The Case Against Business Schools

Business schools claim they’re training noble civic leaders, not money-grubbing managers. But beneath the ethics classes and talk of social responsibility, they’re still just finishing schools for capitalism’s managerial aristocracy.

Legendary CEO Jack Welch

Business schools extol capitalists like former General Electric CEO Jack Welch. (Brooks Kraft / Getty Images)

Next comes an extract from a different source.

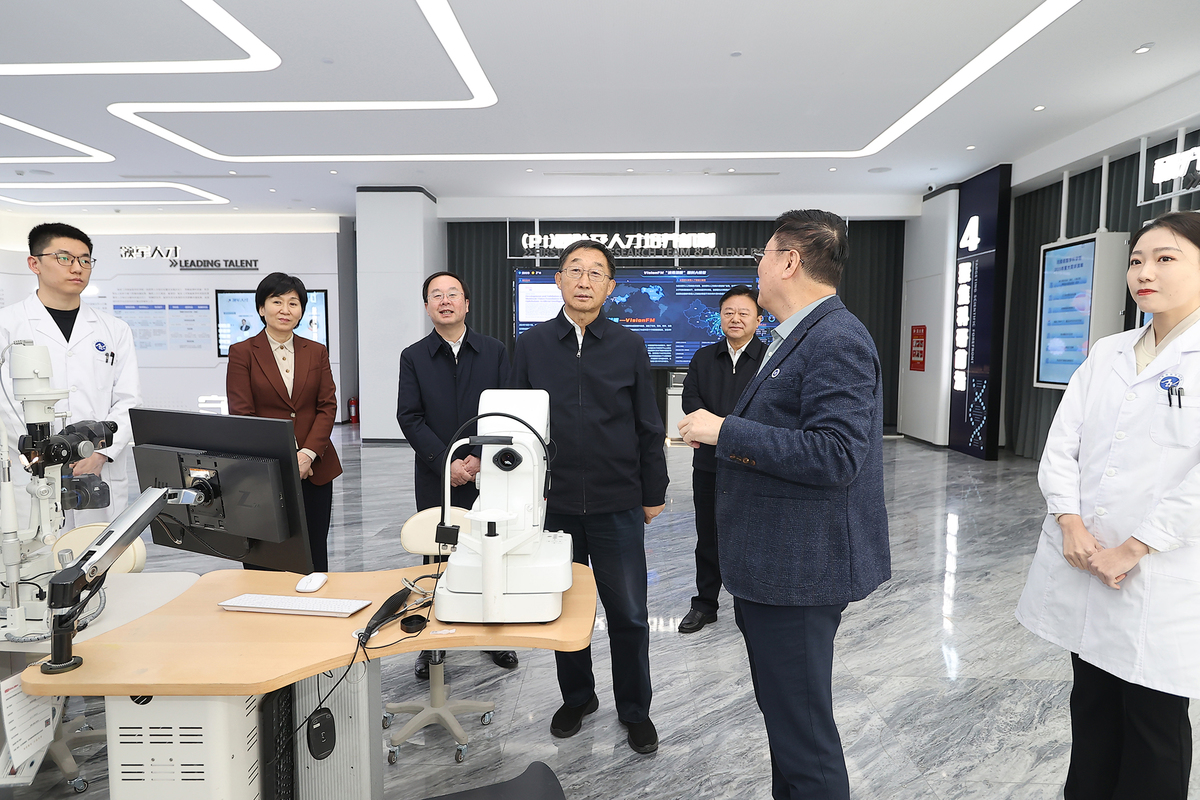 刘宁调研教育科技人才工作并看望慰问专家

When Harvard University established its graduate business school in 1908, one college alumnus registered his disapproval in the form of a cheeky little poem:

Fair Harvard! I hear that you’ve been such a fool

As to start a ridiculous business school

Where ‘Grocery 2’ and ‘Butchery 4’

Take the place of the classics of yore. 

Harvard Business School (HBS) was an early specimen of its kind: an academic training ground for those who would manage the American capitalist economy in its age of conquest. An MBA graduate is more likely to work at the limited liability company that owns the supermarket that controls the butcher’s wages than to personally dissect any meat, but that was hardly the complainer’s point. The stink of a butcher’s shop, once the model of sordid prosperity among the medieval artisan class, served as a convenient, if quaintly classist, metaphor for the stink of corporate moneymaking in the First Gilded Age. Since emerging in the late nineteenth century, American business schools have fought to scrub off any unsightly residue, which often means persuading everyone that they’re agents for a higher purpose rather than simply parvenu hoarders. “Managers” is now passé; business schools want you to know that they’re training leaders.